Lot 72
Treasury 5, no. 904 (‘Subtle Fragrance’)
HK$93,750
Transparent ruby-red glass and colourless glass with a few scattered small air bubbles; with a flat lip and flat foot; carved as a single overlay with a continuous design of blossoming prunus branches interspersed with poetic descriptions of the prunus in regular script
1750 –1810
Height: 5.82 cm
Mouth/lip: 0.70/1.28 cm
Stopper: jadeite; plastic collar
Illustration: watercolour by Peter Suart
Provenance:
Edmund F. Dwyer
Christie’s, London, 12 October 1987, lot 11
Published:
Kleiner, Yang, and Shangraw 1994, no. 124
Treasury 5, no. 904
Exhibited:
Hong Kong Museum of Art, March – June 1994
National Museum of Singapore, November 1994 – February1995
This bottle is unique and thus difficult to categorize.
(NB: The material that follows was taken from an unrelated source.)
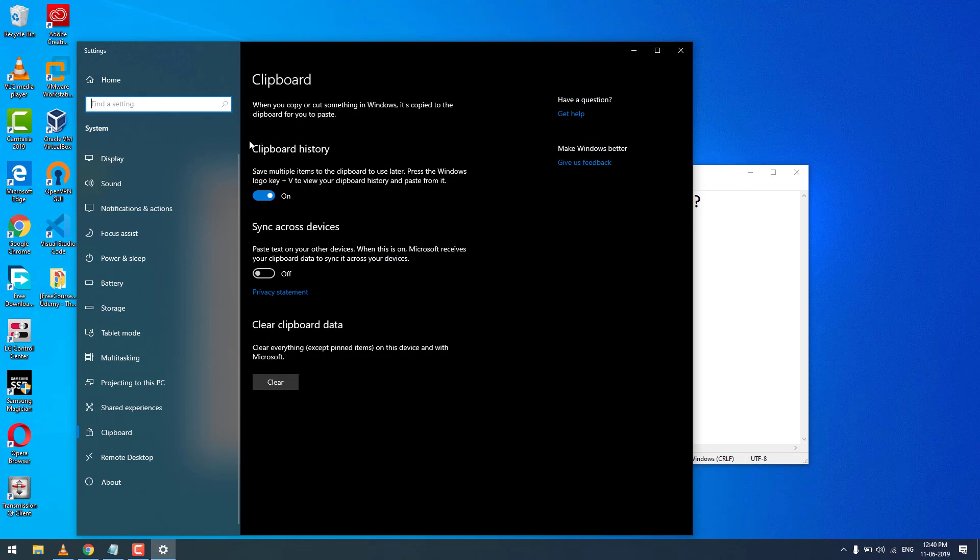As you can see, the clipboard history is there. You need to turn on this option to save multiple items to the clipboard and use them later. Press the Windows logo key plus V to view your clipboard history and paste from it.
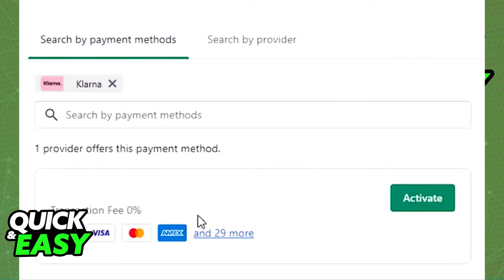After selecting Klarna, it's going to give you its details and you can simply choose activate, which will give you a prompt to log into your Klarna business account and proceed with the activation of Klarna as a payment method on your Shopify store. Once you sign in using your Klarna business account and activate the payment method, it will be integrated into your Shopify store and all of your customers will have the Klarna option in the checkout.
Of lovely design, it is superbly executed and the materials are excellent, with colourless glass of crystalline clarity and a delightful pale ruby-red overlay. In common with most examples displaying this quality, the court is a possible source, but there is too little to link it to the imperial glassworks to allow even a tentative attribution. It may have some connection with the mid-Qianlong trend for crystal-like grounds for glass carvings and enamelling, suggesting a possible date, but in the absence of additional evidence we deem it unwise to grasp at so thin a straw. The materials and quality would all be feasible for the mid- to late Qianlong period.
The prunus is common enough on glass, as evident from other snuff bottles, but the conception and composition here surpass the usual depictions. Combined with verses about the flower, the impression is of a typically Qing literati painting. The line Anxiang fudong yue huanghun 暗香浮動月黃昏 (‘Its secret fragrance floats; the moonlit dusk’) is a description of the prunus originating with the reclusive poet Lin Bu 林逋 (967 – 1028) and repeated endlessly ever since. The other inscriptions are all poetic terms for the prunus: bingji 冰肌 (‘skin of ice)’, yuehen 月痕 (‘Trace of the moonlight’) and yugu 玉骨 (‘bones of jade)’.